Der Kapitän des verunglückten Kreuzfahrtschiffes gerät immer mehr in Bedrängnis. Jetzt wurden Mitschnitte von Telefonaten während der Katastrophe publik – sie erhärten den Verdacht, dass Francesco Schettino komplett versagte.

Der Kapitän des Unglücksschiffes Francesco Schettino (r.) wird abgeführt (Archiv) (Bild: sda)

Der Kapitän des verunglückten Kreuzfahrtschiffes gerät immer mehr in Bedrängnis. Jetzt wurden Mitschnitte von Telefonaten während der Katastrophe publik – sie erhärten den Verdacht, dass Francesco Schettino komplett versagte.

In der Nacht der Katastrophe erreichte ein diensthabender Offizier im Hafen der Insel Giglio den Kapitän um 01.46 Uhr auf seinem Handy. Zu diesem Zeitpunkt befanden sich noch hunderte Menschen auf der „Costa Concordia“, die dringend evakuieren mussten.

Der 52-Jährige Schettino hatte das Schiff dagegen laut Augenzeugen bereits kurz nach Mitternacht verlassen. Der von der Nachrichtenagentur Ansa veröffentlichte Mitschnitt zeigt denn auch, dass der Kapitän den Überblick über die Lage verloren hatte, auch wenn er behauptet: „(…) ich bin da, ich koordiniere die Rettung.“

Der Offizier im Hafen verliert denn auch im Verlauf des Telefonats immer mehr die Fassung. „Sie müssen uns sagen, wie viele Leute da noch sind, Kinder, Frauen, Passagiere, die genauen Zahlen in jeder Kategorie!“, herrscht er den Kapitän an.

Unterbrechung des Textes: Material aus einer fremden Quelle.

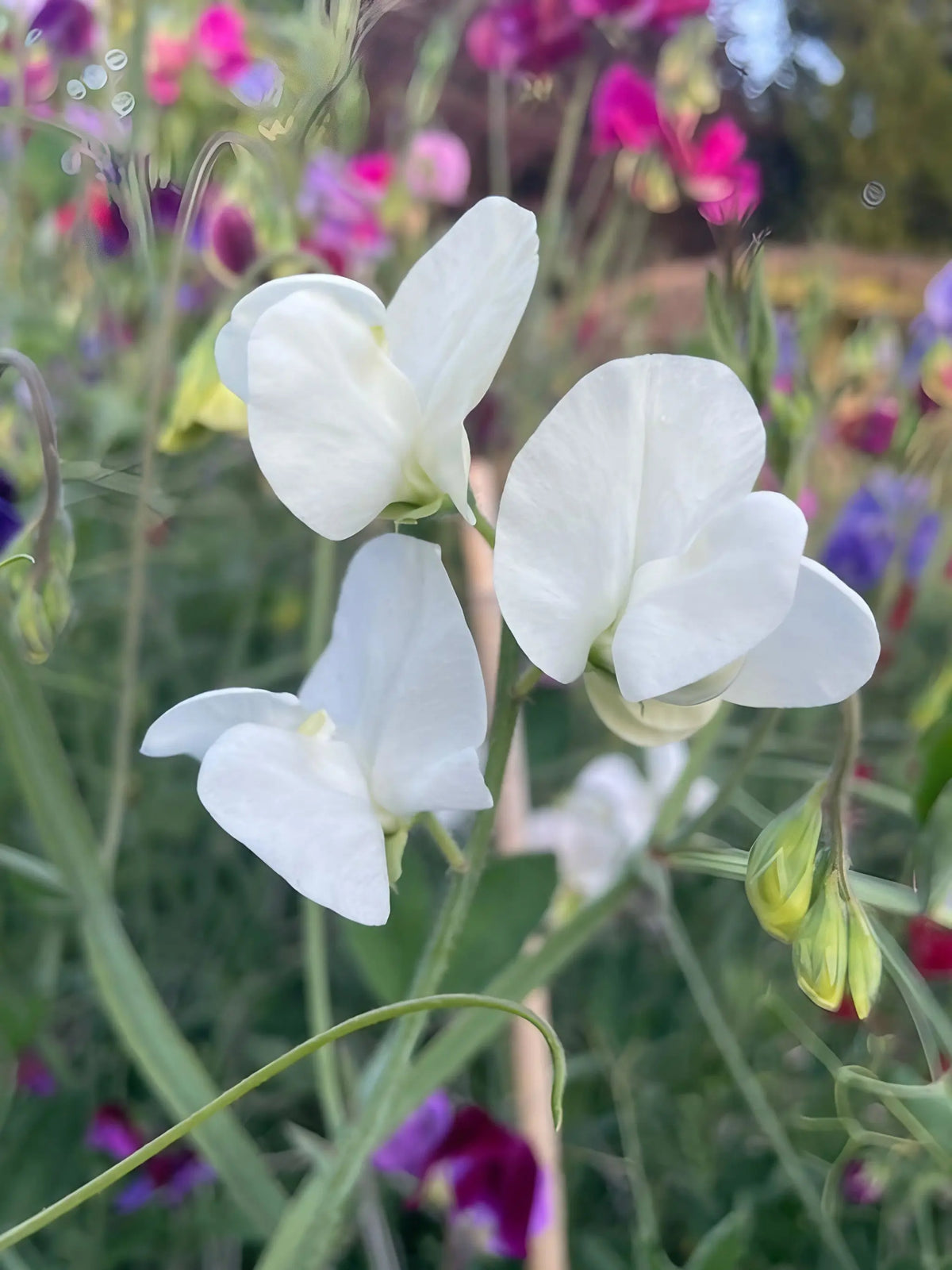 Sweet Pea Swan Lake blooms among green stems with colourful flowers blurred behind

Der Offizier sagt auch, es gebe „bereits Leichen“. Als Schettino zurückfragt: „Wie viele?“, kommt die scharfe Replik: „Das müssen doch Sie mir sagen! Was machen Sie? – Jetzt kehren Sie nach da oben zurück und sagen Sie uns, was wir machen können!“

Kapitän ist in Untersuchungshaft

Schettino befindet sich seit Samstag in Untersuchungshaft, die Staatsanwaltschaft wirft ihm fahrlässige Tötung vor. Um den Kapitän herum ist es sehr einsam geworden. Die Reederei Costa Crociere distanzierte sich bereits kurz nach der Katastrophe von ihm und wies ihm die Alleinschuld zu.

Schettino hatte das 300 Meter lange und 38 Meter breite Schiff am Freitagnachmittag – laut Reederei abweichend von der vorgeschriebenen Fahrtroute – dicht an Giglio entlang manövriert. Etwa 500 Meter vor der Inselküste rammte die „Costa Concordia“ einen Felsen, der auf den Seekarten klar markiert sein soll.

Nach Augenzeugenberichten und Telefonaufzeichnungen suchte der Kapitän zudem, das Unglück noch fast eine Stunde lang zu verharmlosen, sprach von einem Stromausfall und zögerte mit der Anweisung zur Evakuierung. Zugleich soll laut Ansa eine Art „Meuterei“ ausgebrochen sein, indem Mitglieder der Crew schon vor einer formellen Order des Kapitäns von dem Schiff flüchteten.